犯罪収益が最終的に行き着く先は、中核的人物であることから、匿名・流動型犯罪グループから犯罪収益を剝奪し、その還流を防ぐため、犯罪グループの資金の流れを徹底的に追跡、分析している。
また、国家公安委員会及び警察庁においては、犯罪収益移転防止法に基づき、疑わしい取引の集約、整理及び分析を行っている。具体的には、過去に届け出られた疑わしい取引に関する情報、警察が蓄積した情報及び公刊情報等を活用し、近年多種多様な方法で資金獲得活動を繰り返す匿名・流動型犯罪グループの実態の解明を行っている。
疑わしい取引に関する情報を総合的に分析した結果については、関係する捜査機関等へ提供している。警察庁が分析結果を捜査機関等へ提供した件数は毎年増加しており、令和5年中は過去最多の2万1,730件であった。
さらに、警察では、令和4年12月に法定刑が引き上げられた組織的犯罪処罰法(犯罪収益等隠匿・収受)等を積極的に適用するなど、適正な科刑の実現を目指した取締りを推進している。

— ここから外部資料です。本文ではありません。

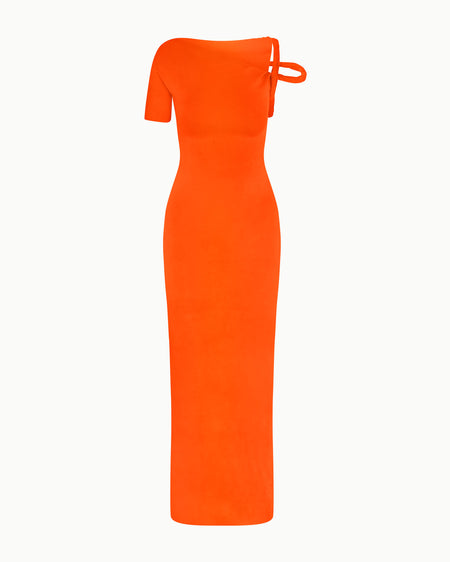 Sueded Stretch Twist Maxi Dress | Papaya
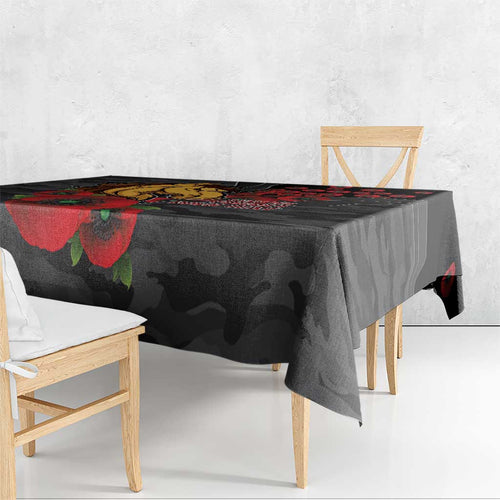 Brisbane Broncos ANZAC Personalised Tablecloth Lest We Forget Poppy Camo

このほか、実態のない法人が詐欺等の犯罪収益の隠匿等に悪用されている実態がある。警察としては、これらの取締りを推進するとともに、関係機関と連携し、こうした行為を防止するための対策を講じることとしている。


CASE
無職の男(22)は、フィリピンに犯行拠点を置き、広域的に特殊詐欺等を敢行していたグループの「受け子」、「出し子」兼現金回収・運搬役として活動し、令和4年5月、同グループによる窃盗や強盗等によって得た犯罪収益である現金約100万円を、首謀者名義の銀行口座に偽名を用いて振込送金した。令和5年5月、同男を組織的犯罪処罰法違反(犯罪収益等隠匿)で逮捕した(警視庁)。